Subject: RE: [RFC PATCH v5 3/4] scheduler: scan idle cpu in cluster before scanning the whole llc



> -----Original Message-----
> From: Song Bao Hua (Barry Song)
> Sent: Friday, March 19, 2021 5:16 PM
> To: [email protected]; [email protected]; [email protected];
> [email protected]; [email protected]; [email protected];
> [email protected]; [email protected]; [email protected]; [email protected];
> [email protected]; [email protected]; [email protected];
> [email protected]
> Cc: [email protected]; [email protected];
> [email protected]; Jonathan Cameron <[email protected]>;
> [email protected]; [email protected]; [email protected];
> [email protected]; [email protected];
> [email protected]; [email protected]; [email protected];
> xuwei (O) <[email protected]>; Zengtao (B) <[email protected]>;
> [email protected]; yangyicong <[email protected]>; Liguozhu (Kenneth)
> <[email protected]>; [email protected]; [email protected]; Song Bao Hua
> (Barry Song) <[email protected]>
> Subject: [RFC PATCH v5 3/4] scheduler: scan idle cpu in cluster before scanning
> the whole llc
>
> On kunpeng920, cpus within one cluster can communicate wit each other
> much faster than cpus across different clusters. A simple hackbench
> can prove that.
> hackbench running on 4 cpus in single one cluster and 4 cpus in
> different clusters shows a large contrast:
> (1) within a cluster:
> root@ubuntu:~# taskset -c 0,1,2,3 hackbench -p -T -l 20000 -g 1
> Running in threaded mode with 1 groups using 40 file descriptors each
> (== 40 tasks)
> Each sender will pass 20000 messages of 100 bytes
> Time: 4.285
>
> (2) across clusters:
> root@ubuntu:~# taskset -c 0,4,8,12 hackbench -p -T -l 20000 -g 1
> Running in threaded mode with 1 groups using 40 file descriptors each
> (== 40 tasks)
> Each sender will pass 20000 messages of 100 bytes
> Time: 5.524
>
> This inspires us to change the wake_affine path to scan cluster before
> scanning the whole LLC to try to gatter related tasks in one cluster,
> which is done by this patch.
>
> To evaluate the performance impact to related tasks talking with each
> other, we run the below hackbench with different -g parameter from 2
> to 14, for each different g, we run the command 10 times and get the
> average time:
> $ numactl -N 0 hackbench -p -T -l 20000 -g $1
>
> hackbench will report the time which is needed to complete a certain number
> of messages transmissions between a certain number of tasks, for example:
> $ numactl -N 0 hackbench -p -T -l 20000 -g 10
> Running in threaded mode with 10 groups using 40 file descriptors each
> (== 400 tasks)
> Each sender will pass 20000 messages of 100 bytes
>
> The below is the result of hackbench w/ and w/o cluster patch:
> g= 2 4 6 8 10 12 14
> w/o: 1.8151 3.8499 5.5142 7.2491 9.0340 10.7345 12.0929
> w/ : 1.7881 3.7371 5.3301 6.9747 8.6909 9.9235 11.2608
>
> Obviously some recent commits have improved the hackbench.

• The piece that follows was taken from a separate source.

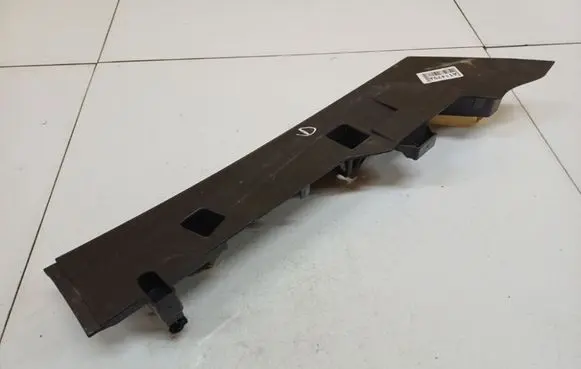 Volvo V50 (D) pillar trim (bottom) 8663549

So the change
> in wake_affine path brings less increase on hackbench compared to what
> we got in RFC v4.
> And obviously it is much more tricky to leverage wake_affine compared to
> leveraging the scatter of tasks in the previous patch as load balance
> might pull tasks which have been compact in a cluster so alternative
> suggestions welcome.
>
> In order to figure out how many times cpu is picked from the cluster and
> how many times cpu is picked out of the cluster, a tracepoint for debug
> purpose is added in this patch. And an userspace bcc script to print the
> histogram of the result of select_idle_cpu():
> #!/usr/bin/python
> #
> # selectidlecpu.py select idle cpu histogram.
> #
> # A Ctrl-C will print the gathered histogram then exit.
> #
> # 18-March-2021 Barry Song Created this.
>
> from __future__ import print_function
> from bcc import BPF
> from time import sleep
>
> # load BPF program
> b = BPF(text="""
>
> BPF_HISTOGRAM(dist);
>
> TRACEPOINT_PROBE(sched, sched_select_idle_cpu)
> {
> u32 e;
> if (args->idle / 4 == args->target/4)
> e = 0; /* idle cpu from same cluster */

Oops here, as -1/4 = 1/4 = 2/4 = 3/4 = 0
So a part of -1 is put here(local cluster) incorrectly.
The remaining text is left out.